The applied research carried out for the thesis over the course of four years involved 189 Estonian teachers and educational technologists from 67 schools as well as over 2000 students. As a result, the researcher created a TELIP (Technology Enhanced Learning Innovation Process) model describing the three-step process that teachers follow to adapt to new technological learning methods (Consciousness-Acceptance-Adoption). In order to move from one stage to another, various factors favoring the sustainability of the learning method must be taken into consideration. In creating the model, the world’s most common technology adoption patterns as well as practical research in the field over the past decades were taken into consideration. The process of testing the model involved teachers in grades 3 and 6 who had incorporated the use of robots into their math teaching methods over the course of three years.
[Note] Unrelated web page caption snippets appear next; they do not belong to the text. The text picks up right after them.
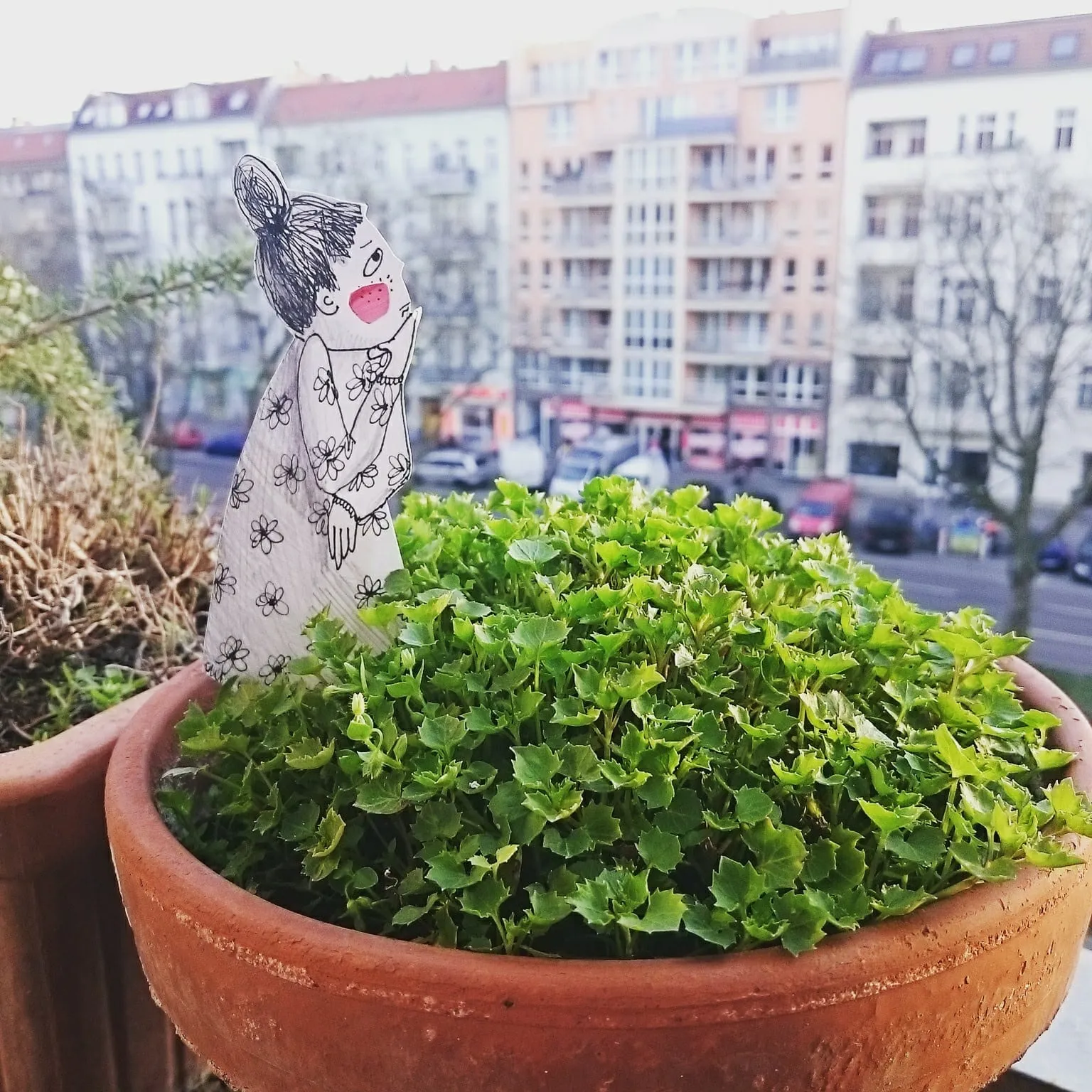 Girl in a daisy-print dress resting her chin on her hands over a terracotta pot, apartment facades behind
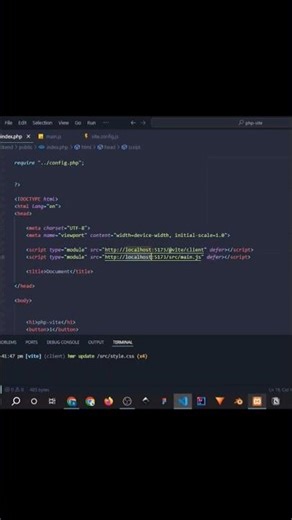 How to integrate vite js with a php backend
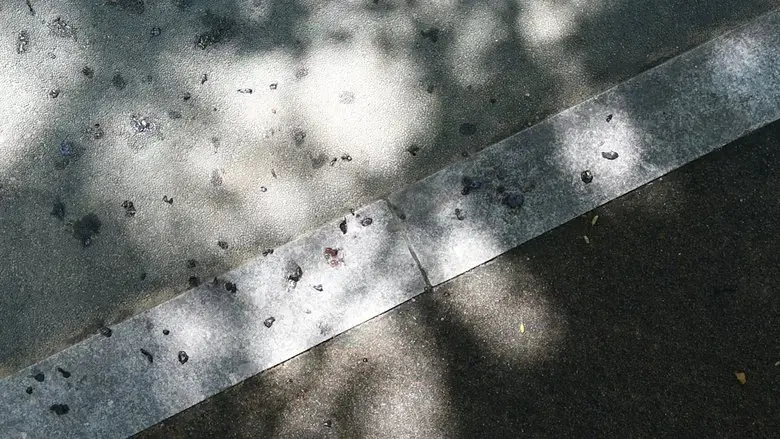 The Quiet Noise (2020)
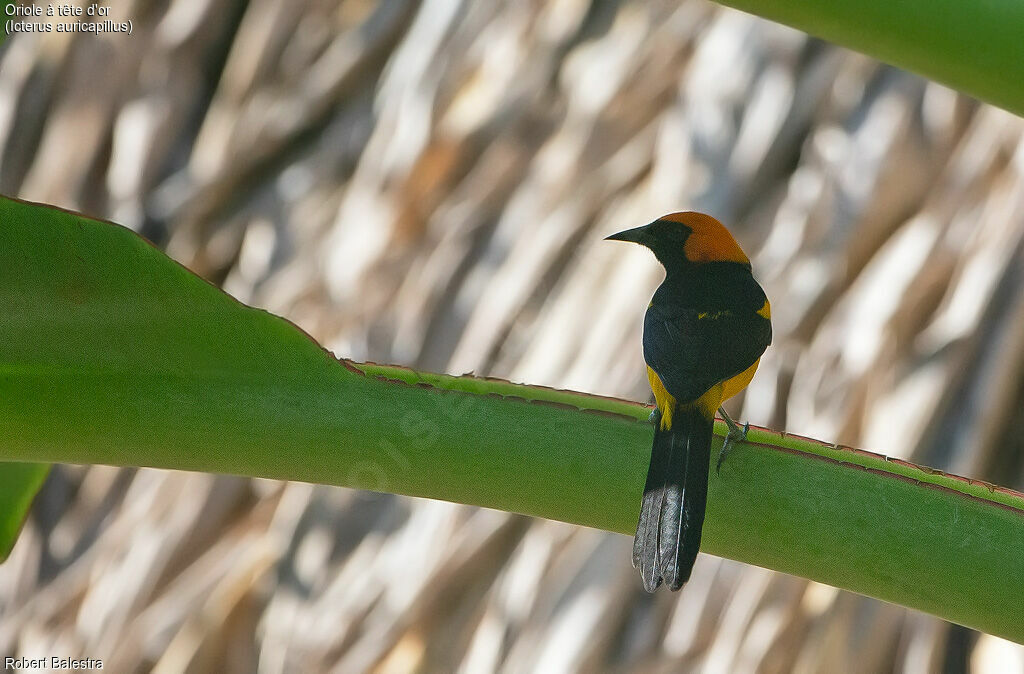 Oriole à tête d'or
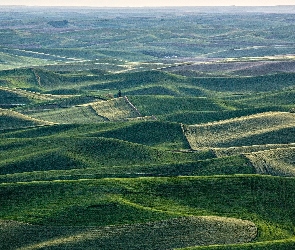 Pola, Wyżyna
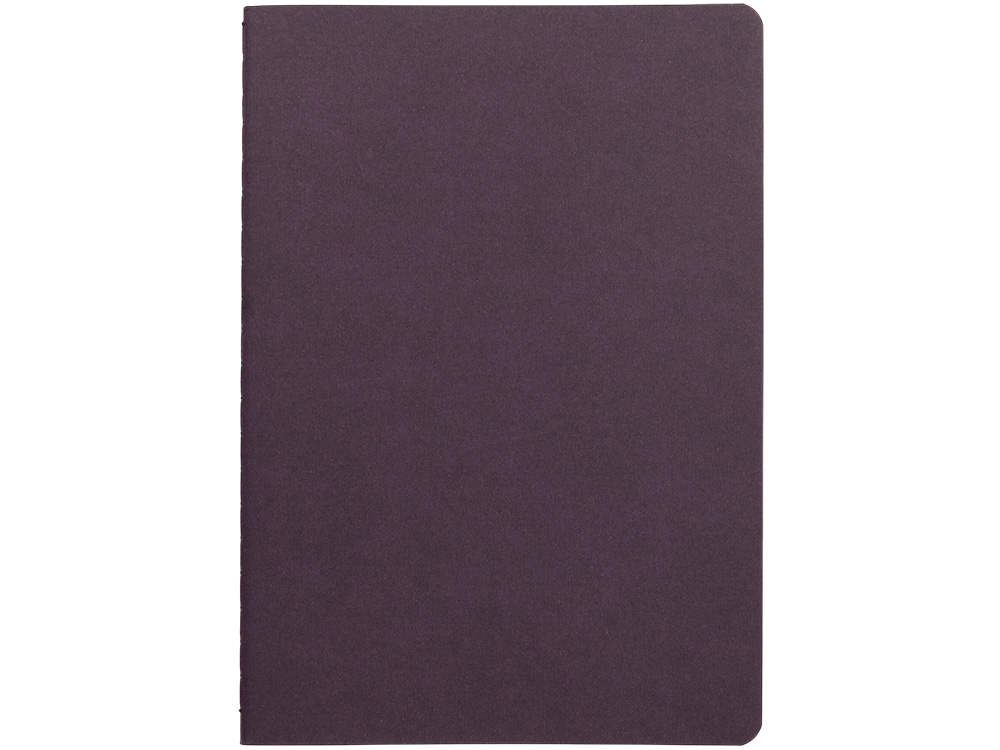 Бизнес тетрадь А5 Pragmatic, 40 листов в клетку, фиолетовый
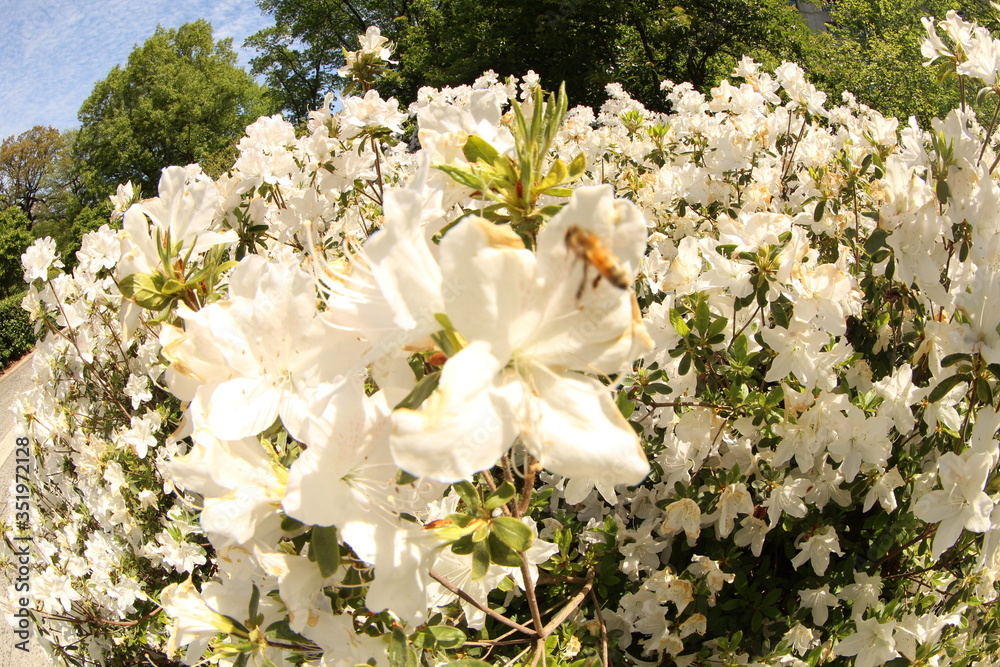 white flowers in spring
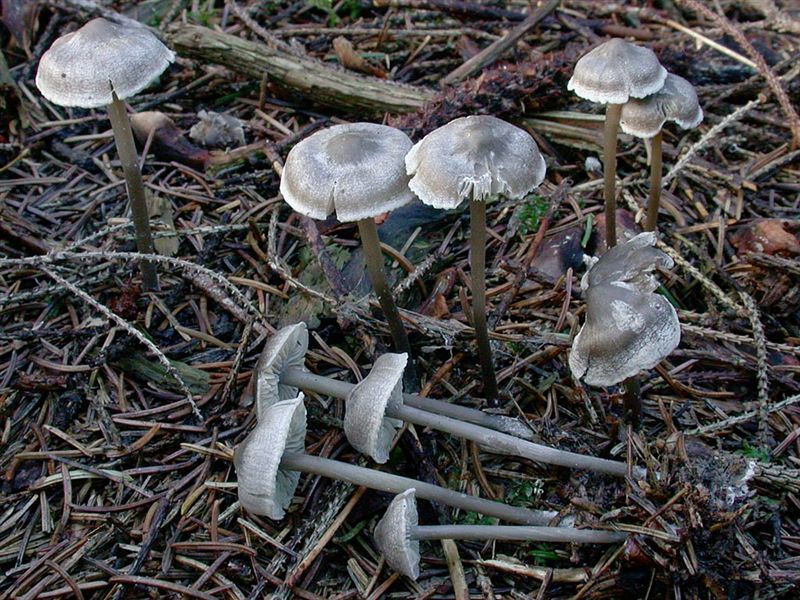 Tephrocybe rancida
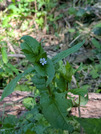 PXL_20260513_031341978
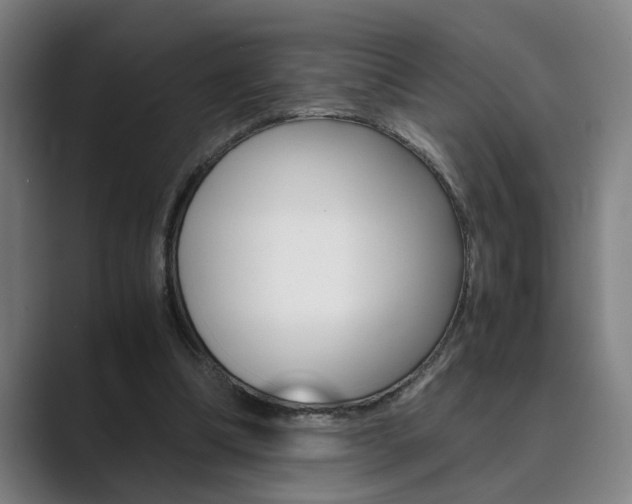 X0000089930298200706290801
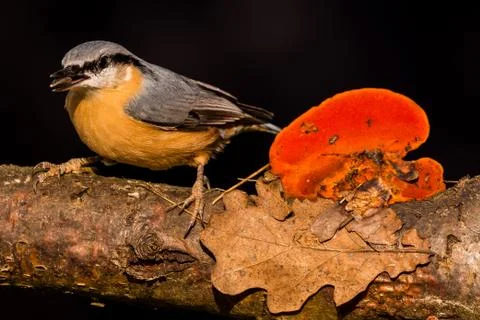 Nice single Nuthatch perched on twig with seed in beak Stock Photos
The importance of the TELIP model and other similar approaches is on the rise due to the need to effectively and sustainably implement the information-intensive and relatively expensive learning methods necessary for the green revolution in the European Union. Leoste hopes the document will help educators, politicians and school leaders understand that simply using an innovative teaching method is not enough to integrate that method into teachers’ classroom practices. In order to enrich their teaching methods, teachers need to be confident that the new approach will add value to the learning process as a whole as well as to learning outcomes and student well-being. The only way to provide this assurance to teachers is to test the new methods in real-life situations – a process that can last the entire school year or longer. It is true, however, that the tests can lead teachers to believe that the new method is not suitable for practical use. From the point of view of national education policy, the implementation of a new learning method must therefore take into account the factors which prove the durability of the method, in particular the social practices associated with the acquisition of the method. Factors influencing teachers’ adherence and acceptance of the method should be addressed at certain stages of the method implementation process to enable them to integrate it more quickly and painlessly into their teaching practices.
With the participation of the University of Tallinn, the TELIP model has been used in several project proposals which will be submitted to the Horizon Europe application cycle for the sustainable implementation of innovative learning methods.
The thesis supervisors are Professor Mati Heidmets, University of Tallinn, and Professor Learning Analytics and Educational Innovation Timo Tobias Ley, Tallinn University. Opponents are Professor Margus Pedaste, University of Tartu, and Associate Professor Kalle Juuti, University of Helsinki.
The thesis is available in the ETERA digital environment of the TU Academic Library.